So I want to thank you for giving me a chance to visit with you. You just got to know the American people are proud of you. You've got tremendous support here at home. And there's nobody more proud of you than I am.

Let me ask you some questions, Captain, if you don't mind. One of the, you know, questions I have is about the pre-election operations, about what you've been doing, and what are the -- what's your strategy, and how do you think it's going for -- to make sure the people have a chance to vote.

By the way, you're in Tikrit, as I understand it, as well. It's kind of an interesting place to be. It's Saddam's old stomping grounds.

CAPTAIN KENNEDY: Good morning, Mr. President, from Tikrit. I'm Captain Brent Kennedy. To my right is Sergeant Major Akeel from the 5th Iraqi Army Division. We're working together here with the Iraqis in Task Force Liberty for the upcoming referendum. We're surging an operation, called Operation Saratoga, that includes the securing of over 1,250 polling sites. We're working right alongside with the Iraqis as they lead the way in securing these sites.

THE PRESIDENT: That's good. And so, like -- I mean, and so the vote is in less than 48 hours -- or about 48 hours, I guess. And so how do you -- how would -- are you confident? I mean, how do you feel the operations are going?

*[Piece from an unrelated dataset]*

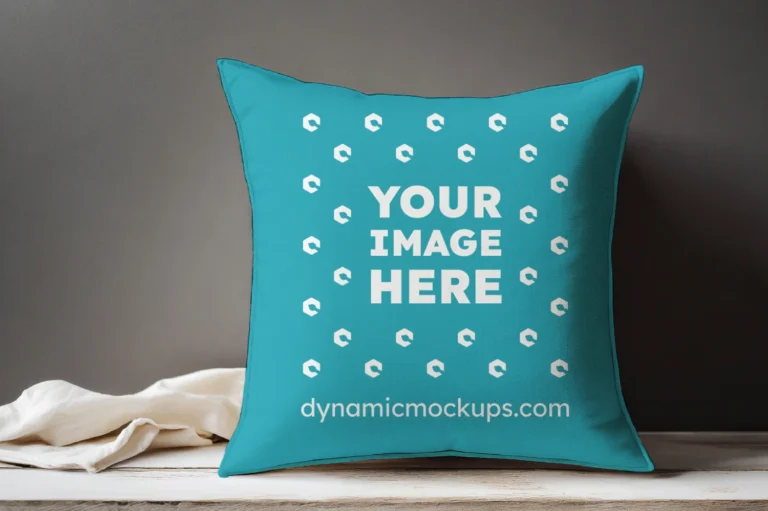 Teal Square Pillow Cover Mockup Template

CAPTAIN KENNEDY: Mr. President, I'm going to field that question to Captain Smith.

THE PRESIDENT: I didn't want to give you -- I didn't want to throw you a hardball there, Captain.

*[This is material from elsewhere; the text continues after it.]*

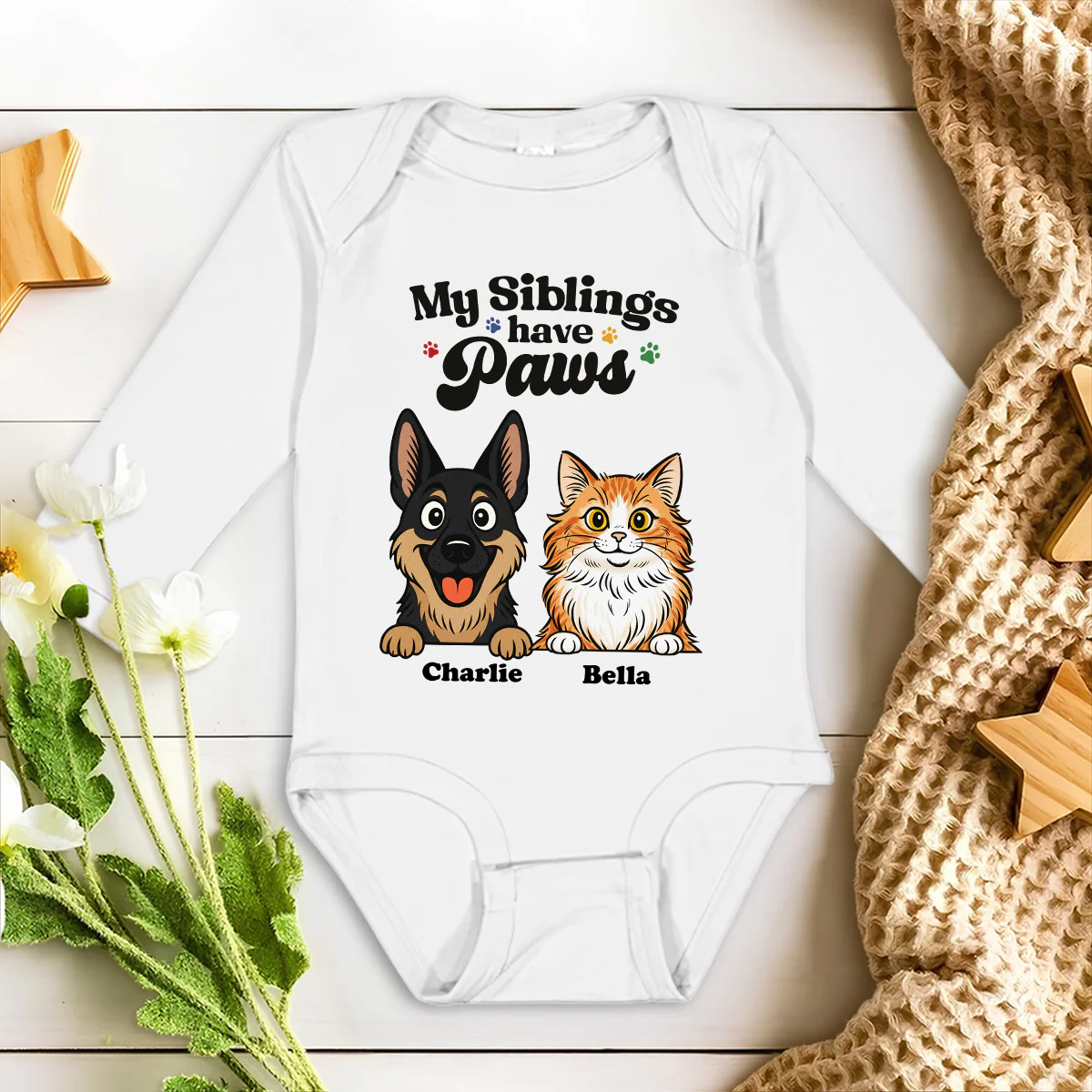 They Have Paws Pet Version - Personalized Custom Long Sleeve Baby Onesie - Image 2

CAPTAIN SMITH: Morning, Mr. President. I'm Captain Dave Smith from Grand Rapids , Michigan. I'm representing the 3rd Brigade Combat Team here in -- headquartered in Baqubah.

THE PRESIDENT: Right.

CAPTAIN SMITH: I work directly with the Iraqi army. I am responsible for coordinating all their security responses in our area of operations.

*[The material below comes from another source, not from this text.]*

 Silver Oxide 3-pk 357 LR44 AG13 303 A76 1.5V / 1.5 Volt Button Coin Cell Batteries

Sir, our Iraqi partners have been conducting battalion and Brigade-size operations since April. They have been planning and coordinating with other Iraqi security forces, such as the Iraqi police and local government agencies, preparing for this referendum. Sir, we as coalition forces, we have taken a supporting role only as they prepare to execute this referendum.

THE PRESIDENT: How are they doing? Give us an assessment. One of the things, Captain, that people in America want to know is, one, do the Iraqis want to fight, and are they capable of fighting. And maybe somebody can give us an appraisal.

CAPTAIN KENNEDY: Mr. President, I'm going to field that question to Captain Pratt.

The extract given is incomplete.